Publicado em 21 Outubro 2020
Atualizado em 29 Março 2022

Os tratamentos atuais para transtornos depressivos maiores, como a fluoxetina, um inibidor seletivo da recaptação da serotonina, são apenas parcialmente eficazes. Embora a microbiota intestinal, que é sensível ao stress crónico, represente um alvo terapêutico para o tratamento da depressão, até recentemente nenhum estudo avaliou se ela pode afetar a eficácia dos antidepressivos. Esta lacuna foi agora preenchida graças ao trabalho de uma equipe de pesquisa francesa. O objetivo era avaliar se uma disbiose intestinal induzida por stress crónico pode induzir alterações metabólicas que afetam o comportamento emocional e as respostas aos medicamentos serotonérgicos.

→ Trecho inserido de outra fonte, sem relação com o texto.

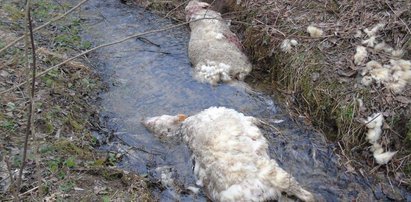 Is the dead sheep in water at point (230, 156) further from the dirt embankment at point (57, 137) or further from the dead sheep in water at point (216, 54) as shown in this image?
the dead sheep in water at point (216, 54)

Transferência de depressão via transplante fecal

Para descobrir se a depressão é transmissível, os pesquisadores transplantaram a microbiota intestinal (desequilibrada) de um camundongo sofrendo de stress crónico moderado para camundongos receptores saudáveis previamente tratados com antibióticos. Ao fazer isso, eles transferiram a maioria dos elementos responsáveis pela disbiose do rato. Entre os receptores, observou-se comportamento tipo depressivo, com redução da neurogênese no hipocampo e dos níveis de serotonina (neste último caso, limitação de sua síntese e recaptação e estímulo de sua degradação). Este processo parece envolver triptofano (um aminoácido que é um precursor da serotonina, cujo metabolismo pode ser alterado pela disbiose), uma vez que níveis mais baixos deste composto foram observados no soro dos receptores. Por fim, os distúrbios descritos foram exacerbados pelo transplante, sendo os camundongos receptores mais afetados do que os doadores, discrepância que pode ser explicada pela diminuição de um agrupamento bacteriano em relação a menores níveis de triptofano.

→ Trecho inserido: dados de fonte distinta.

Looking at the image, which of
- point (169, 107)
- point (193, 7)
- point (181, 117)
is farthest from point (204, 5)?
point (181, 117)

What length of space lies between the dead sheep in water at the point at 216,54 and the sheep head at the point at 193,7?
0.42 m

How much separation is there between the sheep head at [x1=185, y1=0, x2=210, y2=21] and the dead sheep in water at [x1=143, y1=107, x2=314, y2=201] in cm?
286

Resistência a antidepressivos

Outro efeito notável do transplante fecal foi a alteração dos efeitos antidepressivos e neurogênicos da fluoxetina nos camundongos receptores (mas não nos doadores). O antidepressivo não aumentou os níveis de serotonina no hipocampo, falhando em restaurar os níveis normais de síntese, recaptação ou degradação de neurotransmissores. No entanto, o tratamento com um precursor imediato da serotonina (5-HTP11, um derivado hidroxilado do triptofano) restaurou os níveis de serotonina no hipocampo, melhorou a neurogênese e aliviou a depressão.

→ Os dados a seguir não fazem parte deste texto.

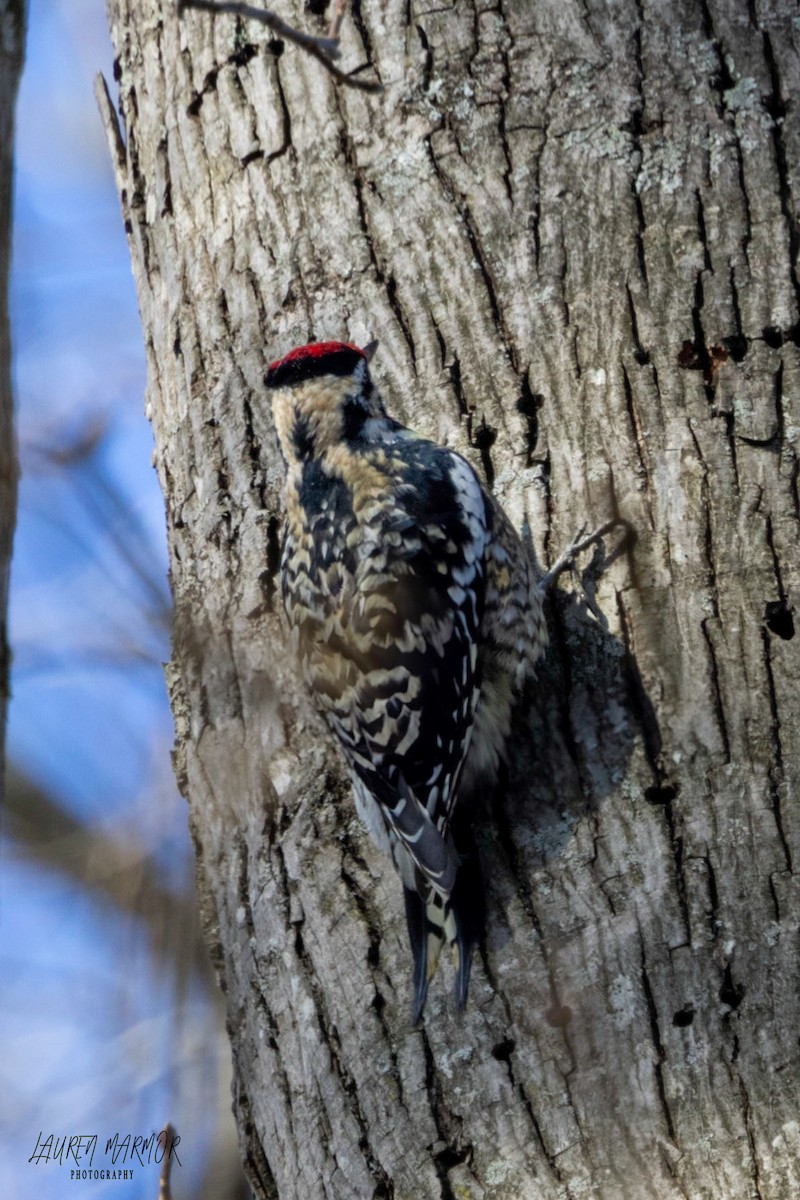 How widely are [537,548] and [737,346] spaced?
0.62 metres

Um mecanismo, uma terapia e um biomarcador

A disbiose intestinal pode, portanto, explicar o desenvolvimento de certas formas de depressão e a falta de eficácia da fluoxetina (por meio de alterações da via serotonérgica no metabolismo do triptofano). Segundo os autores, a modulação dos microrganismos envolvidos no catabolismo do triptofano representa uma potencial estratégia terapêutica. Ao mesmo tempo, os níveis de triptofano no plasma podem orientar as escolhas terapêuticas, agindo como um biomarcador. No entanto, esses resultados ainda requerem validação em humanos.